Producing multiple versions of a prototype is a cornerstone of any design process. Your job is to generate ideas and see which one sticks. But getting to the final version can be hard when there is disagreement among the team. Maybe there's not a clear way to tell the difference between the versions yourself. Perhaps the client has asked for something more empirical. A lot is riding on your decision. More inputs shouldn't be a blocker.

Traditionally testing multiple prototype versions has been handled in two somewhat less-than-optimal ways.

  1. Build out the alternatives and do a formal A/B test using any number of A/B testing platforms.
  2. Do a basic usability test where you ask the user to compare the alternatives and pick one that they like.

The first approach is fine if you have developers to build out your versions and don't mind using real customers as test subjects.

The second approach, usability tests, is good if you can rely on your testers to see the differences in the alternatives. Seems easy, but often is not. The things you care about, the things that are different, and which you know as a designer matter, are likely to go unnoticed, consciously at least, by test participants. No matter how careful you are in presenting the alternatives, your results can end up a muddled mess.

There is an easier way

A SoundingBox experience2 prototype A/B test solves these problems by creating a workflow for measuring and comparing the differences between prototype versions. It uses some of the principles from both usability testing and A/B testing. User test participants provide the feedback on your prototype versions, so you're not having to build things out and test with actual customers on a live site. Group A interacts with version A, and group B interacts with version B. Each participant group can be comprised of the same mix of people (the same demographic mix), and each group is asked the same questions about their preferences after interacting with the prototype.

At the end of the day your prototype A/B test lets you say people preferred version A over B n% of the time. Of course, you can also determine the extent to which people felt successful and were successful using each version—all without leaving the comfort, and low cost, of your prototyping tool. Participants aren't asked to detect differences between the designs on their own. Instead, the numbers tell the story. And qualitative data help flesh it out. You can go back to clients and team members and present empirical results, arguing persuasively for one version over the other.

Creating your first prototype A/B test

Create an account if you haven't already. Create a new study and select experience2 as your test type. Experience2 tests are like other SoundingBox studies in that they are comprised of tasks (things we ask people to do) and questions (things we ask people about how they felt doing their activity).

Setting up your groups

Partitioning your responses into groups happens when you set up your tasks. Tasks in an experience2 test have additional properties which allow for you enter multiple group URLs per task. On the backend, we take care of the rest. If you're asking screening questions, and choose to get an even mix of participants, the same combination of participants will interact with each prototype URL, giving you that apples-to-apples comparison that you need.
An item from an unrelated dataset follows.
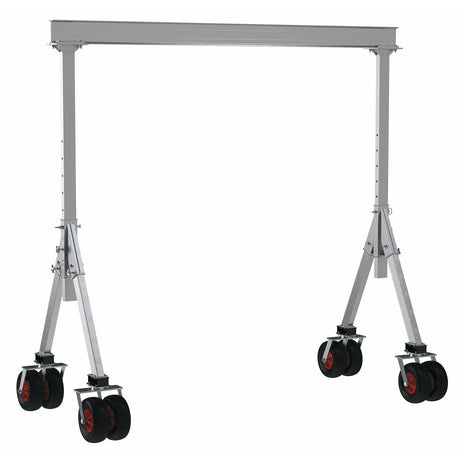 Vestil Aluminum Adjustable Height Gantry Crane with Pneumatic Rubber Casters 12 Ft. x 10 Ft. 4000 Lb. Capacity Silver- AHA-4-12-10-PNU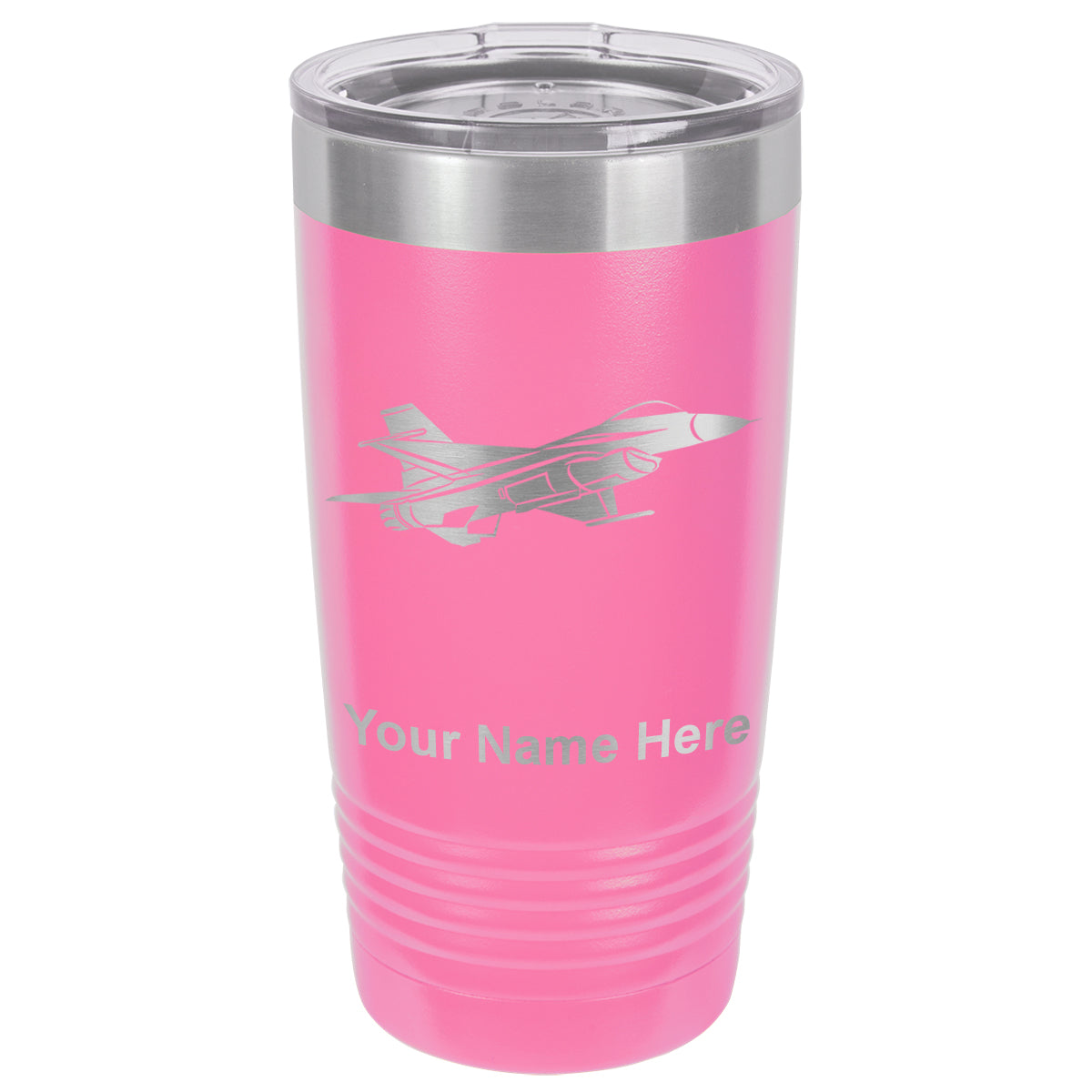 20oz Vacuum Insulated Tumbler Mug, Fighter Jet 1, Personalized Engraving Included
Read more about designing your study.

A note on sample size

Since experience2 tests involve asking people about their opinion about an experience (how they felt), having an adequate sample size can be vital to making claims about your data. That said, you can remain agile and not break the bank with around 30 participants per group. If you want greater certainty about your results, you're welcome to go higher, and many customers do.
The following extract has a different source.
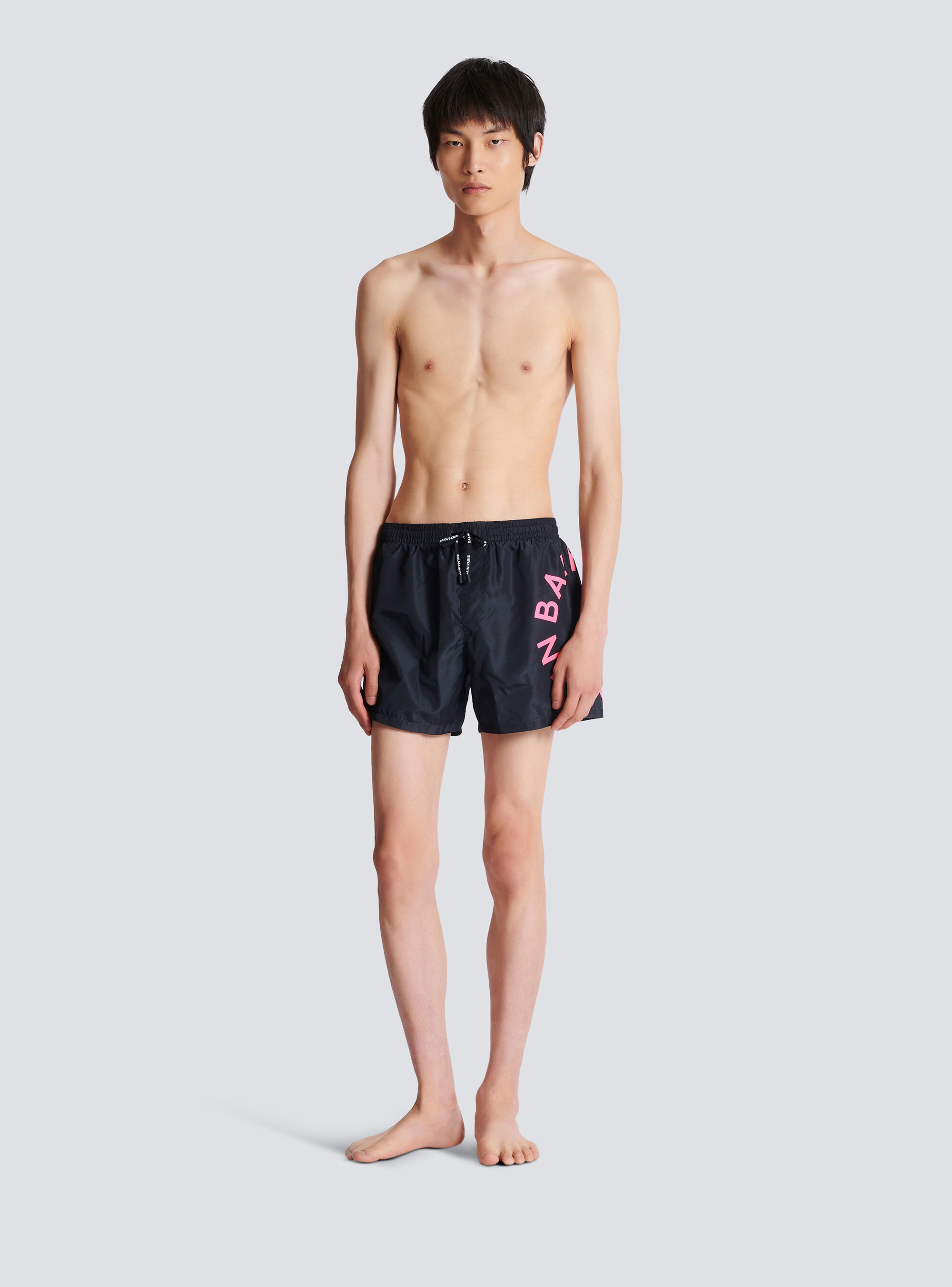 Shop Balmain Swim Shorts In Black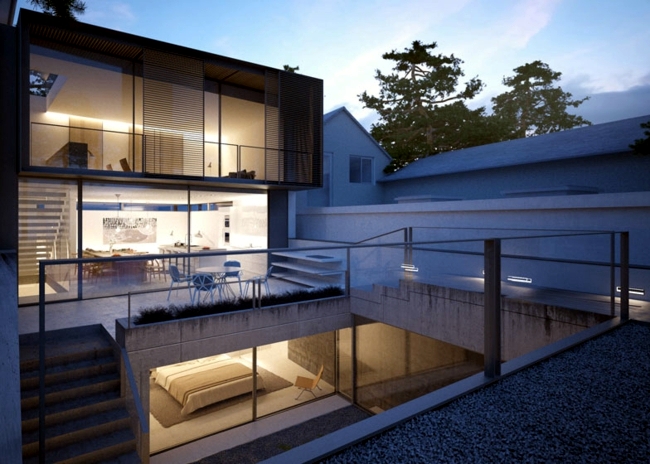 Construction - Project for modern solid concrete house and glass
Read more about screening participants.

Analyzing your results

Once your results are in, click on Analyze and load up your study by clicking on the study tile. You'll notice right off that we load your prototype versions to the right of your study, and clicking on the prototype tile loads more tiles, each of which summarizes the questions you've asked. At a glance you can see which prototype "won" by looking at the Overall tile and toggling between your versions.
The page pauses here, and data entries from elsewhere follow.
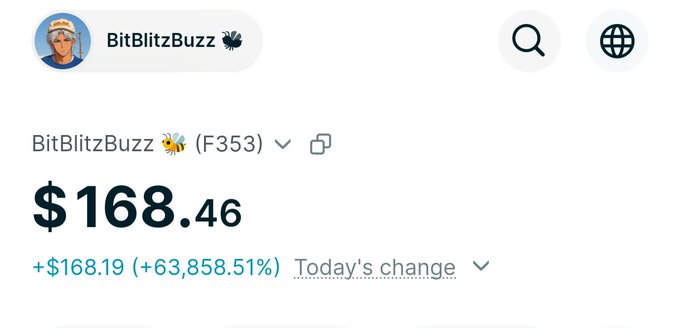 The image shows a stock/crypto tracker displaying "BitBlitzBuzz 🪰 (F353)" with a value of $168.46, marking a gain of +$168.19 (+63,858.51%) for today's change. This dramatic surge aligns with the post's celebration of "web3" delivering massive gains, humorously suggesting the meme-style ticker is proof of web3's winning potential.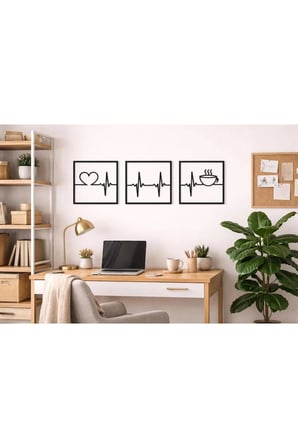 Ahşap 3 lü Kare Şeklinde Kahve ve Nabız Figürü / Siyah 3 mm MDF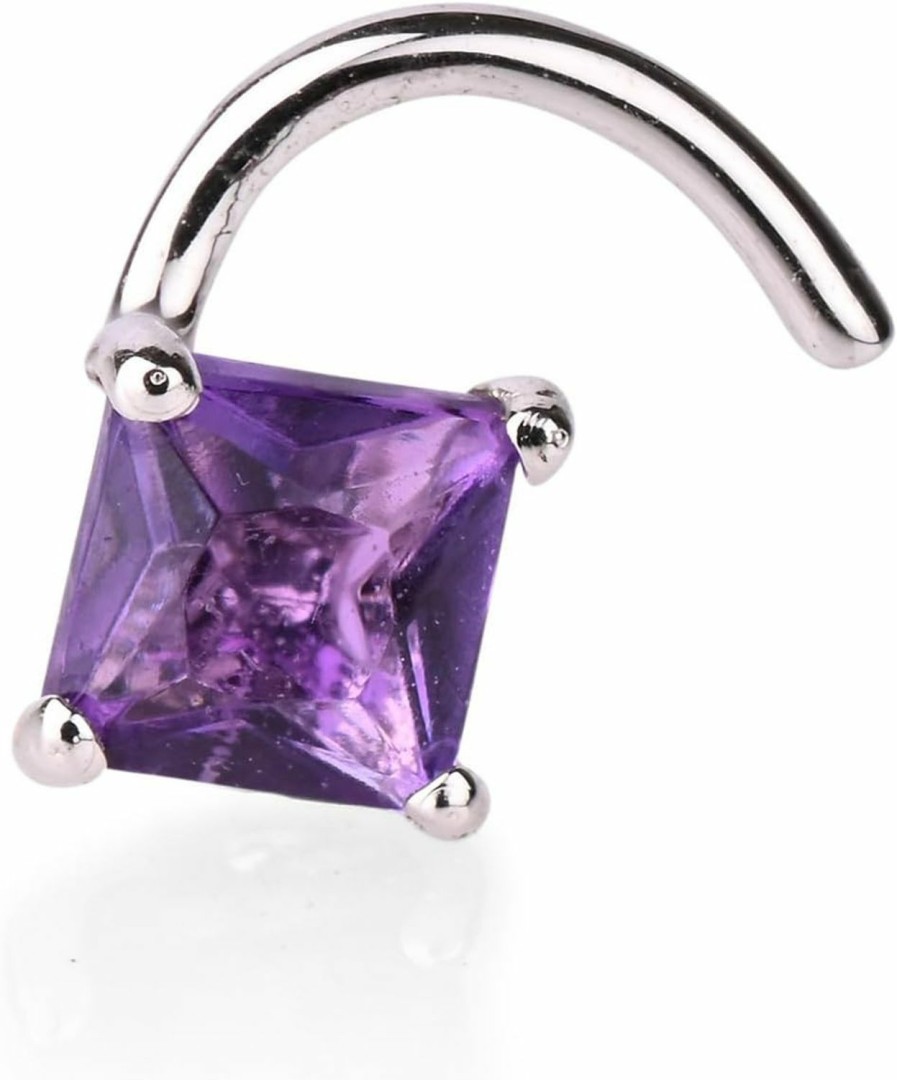 New Demira Demira 3.00 Mm Princess Cut Real Purple Amethyst 14K Gold Nose Piercing Stud Pin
Next try clicking on the Comparison tab. Here you'll see a chart showing the same summary data for each prototype version, with one dot for each version. If you've iterated and have prior A/B tests you'd like to compare, load them and you'll see them in this view alongside your current study, letting you see how much things have changed between iterations.

Read more about our analysis dashboard.

Getting to the "why"

All of this is just a starting point. You can see which version won the face-off, but you still need to come up with some reasons why it won so you can tell the story to your colleagues or your client. That's where the open-ended responses and the replays come in. Often participants will give you clues about their feelings by telling you about them in the open-ended (free text) responses you've asked them to provide. You can find other clues by replaying their interactions. Did they encounter usability problems, or react adversely in verbal comments as they interacted?

You'll find replays in the Replay tab, and you'll find open-ended text responses in the Grid view. Remember clicking on any tile or data point in the dashboard will sort replays by that measure, making it easy to prioritize which responses to watch first.